A good way to contextualize these two files is that they are fundamentally interconnected. They work in tandem: dvc.yaml
holds the pipeline itself, and dvc.lock
defines the version of the referred files within the pipeline.
So, what information do they provide? Let’s examine a single stage within the files to make necessary comparisons:
stages:
featurization:
cmd: python3 code/featurization.py
deps:
- code/featurization.py
- data/test_data.csv
- data/train_data.csv
outs:
- data/norm_params.json
- data/processed_test_data.npy
- data/processed_train_data.npy
schema: '2.0'
stages:
featurization:
cmd: python3 code/featurization.py
deps:
- path: code/featurization.py
md5: ddf63559873ad5aa352565bb3b76bf0b
size: 1472
- path: data/test_data.csv
md5: c807df8d6d804ab2647fc15c3d40f543
size: 18289443
- path: data/train_data.csv
md5: c807df8d6d804ab2647fc15c3d40f543
size: 18289443
outs:
- path: data/norm_params.json
md5: 855b3da318f0dfd5eb36d4765092473a
size: 138861
- path: data/processed_test_data.npy
md5: 48b7c5120556c80e0c2c08602b53a216
size: 1280128
- path: data/processed_train_data.npy
md5: 48b7c5120556c80e0c2c08602b53a216
size: 1280128
Within dvc.lock
's deps
, we see the path to the first dependency - featurization.py
. Below it, we have the md5sum
hash of the file, as well as the size of the file itself.

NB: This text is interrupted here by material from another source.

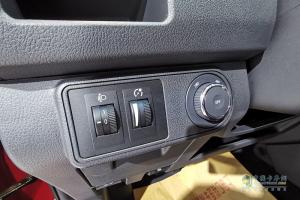 慶鈴汽車 TAGA 4×2 皮卡 運(yùn)動版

This is how DVC knows the state of files within the stage, and how it decides whether or not to execute code for any given stage. The high-level stages from dvc.yaml
is interpreted to design the pipeline itself.
How to run a DVC Pipeline?¶
Once your pipeline is prepared, you would have defined an end-to-end process for reproduction. When you change components and want to observe the consequent changes, running the pipeline updates only the modified stages, saving time and resources.
dvc repro
is the primary command used to run the pipeline.
You can add stage names - for example, dvc repro featurization
- and it will run the featurization stage. By default, stages are cached; which means, if there is no difference within the dependencies of the stage between runs, it will not run again.
Tip
To force a cached stage to run, use the -f
tag!
Known Issues, Limitations & Restrictions¶
- Currently, DagsHub only supports DVC pipelines. If you have a request for a custom pipeline, please visit our suggestions channel Discord and share your request.
- GUI-based stage editing works only below DVC v1.x.